「その頃は、ご近所の冠婚葬祭だね。だってね、三三九度のお猪口やら、箱膳やら一式、輪島塗のりっぱなの、うちで持ってたんだよ。お見合い、結婚式、お通夜、葬式ね。でも今は、葬式は葬儀屋、結婚式はみんなホテルだろう。」
義一さんは言う。ご近所の注文が減っても、近くの会社に弁当を納めるなどし、母親が他界後は、妻の久子さんが30年、これを続けた。

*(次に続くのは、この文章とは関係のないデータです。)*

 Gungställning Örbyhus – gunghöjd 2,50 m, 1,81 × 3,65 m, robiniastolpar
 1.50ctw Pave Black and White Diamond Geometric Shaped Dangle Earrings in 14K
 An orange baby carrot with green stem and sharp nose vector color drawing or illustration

70年代、スーパーの進出にともない、地元商店街は少しつづ疲弊していく。恵子さんの学生時代には、まだパン屋も、八百屋も、肉屋も、靴屋もあったが、今は美容院と歯科医くらいしか見当たらない。
個人店が生き残るには……
平成2年、魚の売上げが減った『魚真』では、その状況を打開すべく、脇の駐車場に店を作り、昼の定食屋を始めた。カウンターとテーブル席二つの小さな店だ。巣鴨プリズンの跡地に78年、サンシャインビルが完成、人通りだけは多かったのが、救いだった。

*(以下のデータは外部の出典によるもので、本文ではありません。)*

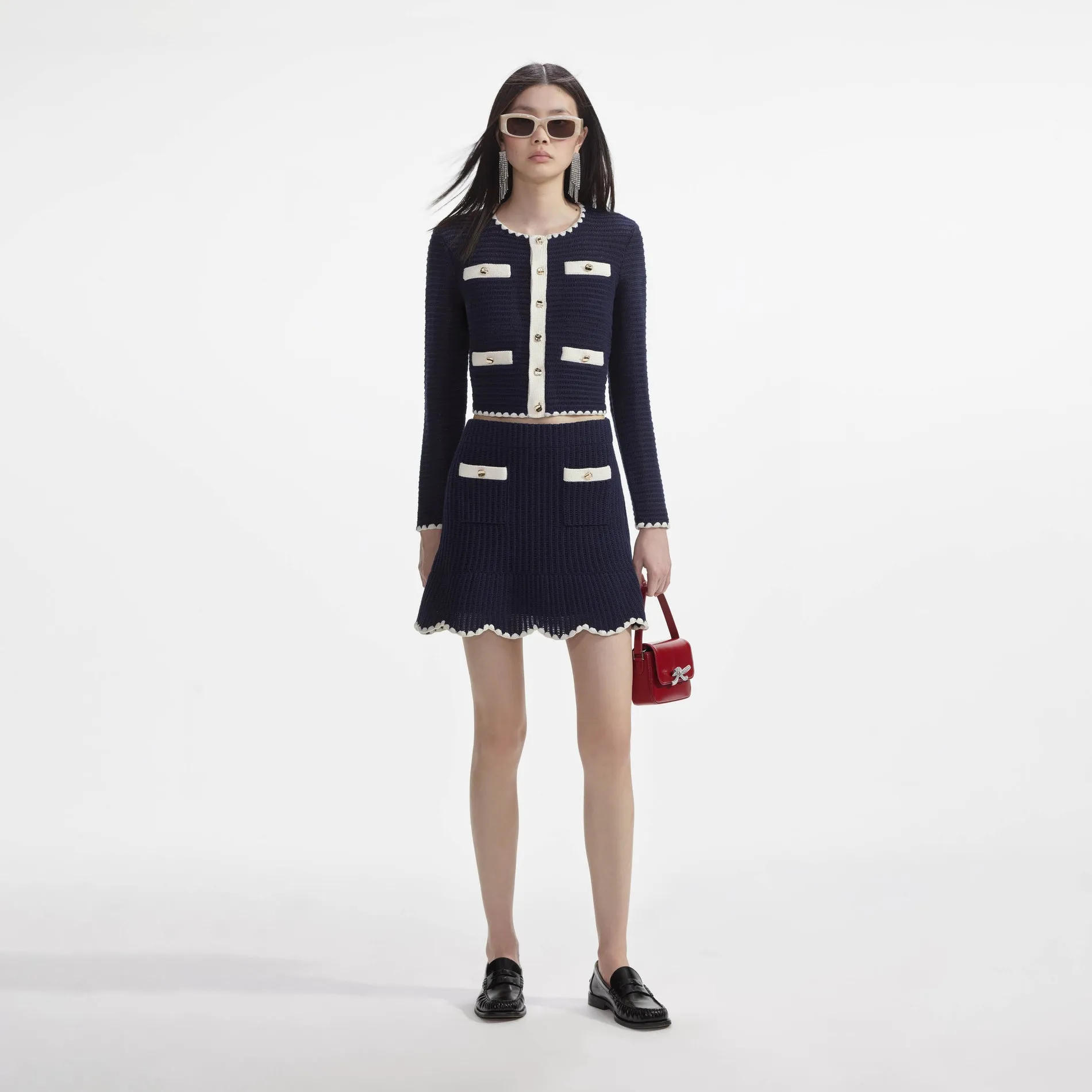 Crochet Contrast Trim Cardigan - Navy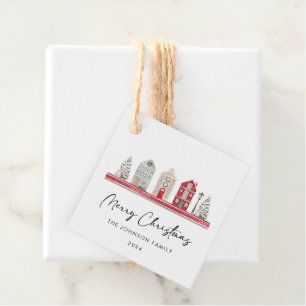 Cute Houses in Traditional Christmas Colours Favour Tags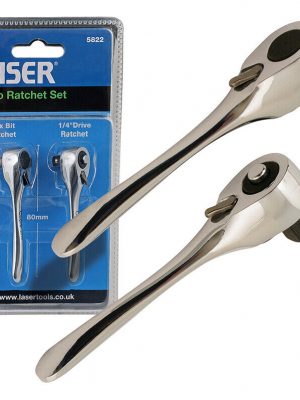 2 Piece Set Micro Ratchet + Bit Driver 1/4 Drive 80mm Laser Tool Brand 5822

7年前には、恵子さんの提案で、夜も経営することにし、魚のうまい「赤ちょうちんのような店」を開業した。
商店街の疲弊というと、すぐに大型量販店の進出ばかりを連想するが、義一さんの話を伺うと、消費者も、自分らの意志で個人店から離れていったさまがわかる。

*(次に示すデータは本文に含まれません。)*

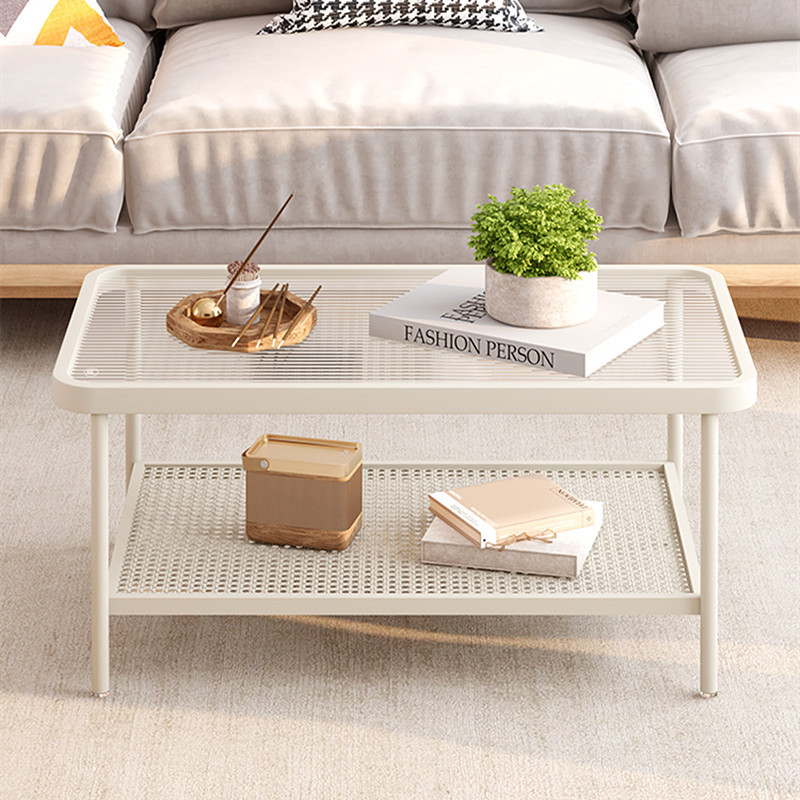 B12253 Small apartment living room with light luxury style living room rectangular double-layer storage coffee table
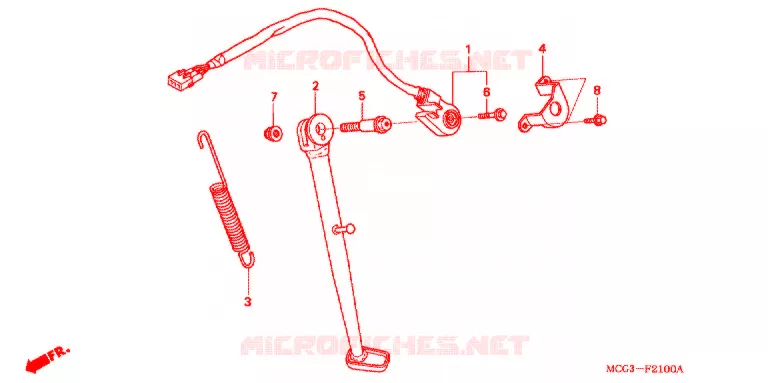 HOOFD STANDAARD/REMPEDAAL Honda MOTO 400 NX 2009  NX4008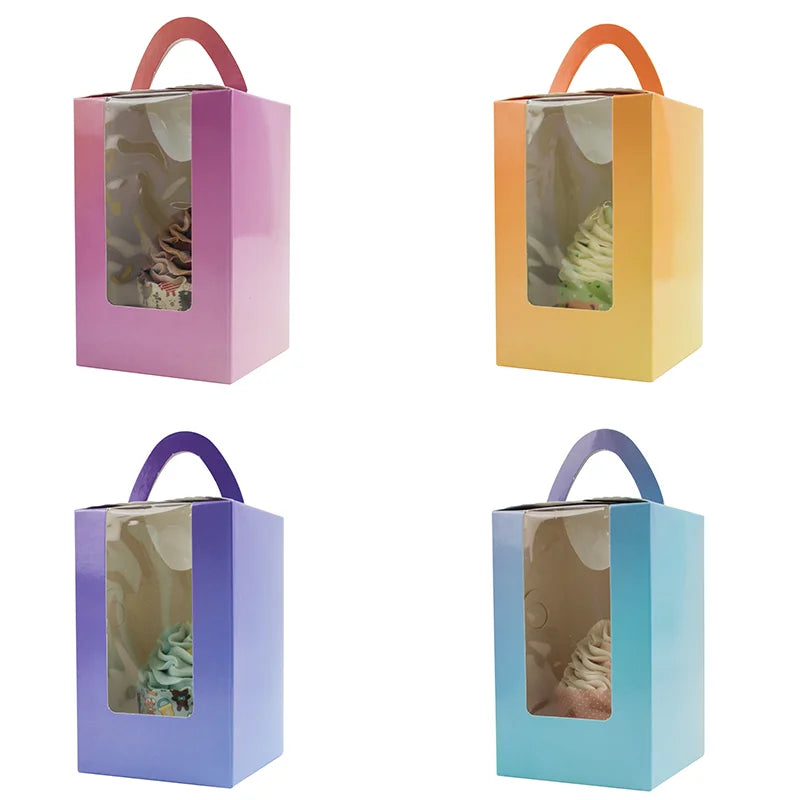 Gradient Colors Mix One Hole Cupcake Packaging Paper Box With Handle Party Favour Boxes for Kid' Birthday Cupcake Cookie Carrier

「難しいね。今や、市場でもスーパーの先取りが60%くらいだからね。それだけ小売店の購買力が落ちたってことだな。30年ほど前は、都内に約3000軒の魚屋があったそうだけど、今じゃ1000軒くらいだからな。昔、この界隈は目白署の管轄だったんだけど、そこに魚屋が17軒あったのが、今じゃ6軒だからね。」
魚屋を廃業するのは、義一さんもさぞ残念だったことだろう。
「続けたかったけど、まあ、お客が応えてくれなかったってことかな。俺だって三代目でも意地がある。親父の代より、魚がまずくなったとは言わせないと、問屋にも親父の頃よりいい魚、持ってきてくれって言ってたからね。あのさ、バブルの頃、男子が厨房に入っただろ、あれが悪かったな。やたら高いものに走ってさ。今度は経済が悪くなると、急に安いものに走るだろ。」日本人は、どうも数字にばかり翻弄されて、ものの本質を見失っているということである。これから個人店が生き残るには、どうしたらいいんでしょうね?と訊くと、
「そうだね、やっぱり、店にくるお客に伝えてくってことかな、イワシなんて冬に喰ってもうまかないってなことをね」と肩をすぼめながら、夜の仕込みにかかる義一さんだった。
ネタがよくて、値段もありがたい
4代目の意地と「寿司屋」
こうして店が最後の変化を遂げたのは、2011年4月のこと。
長男の義久さんに、頑固な父、義一さんが、ついに店の経営を託した。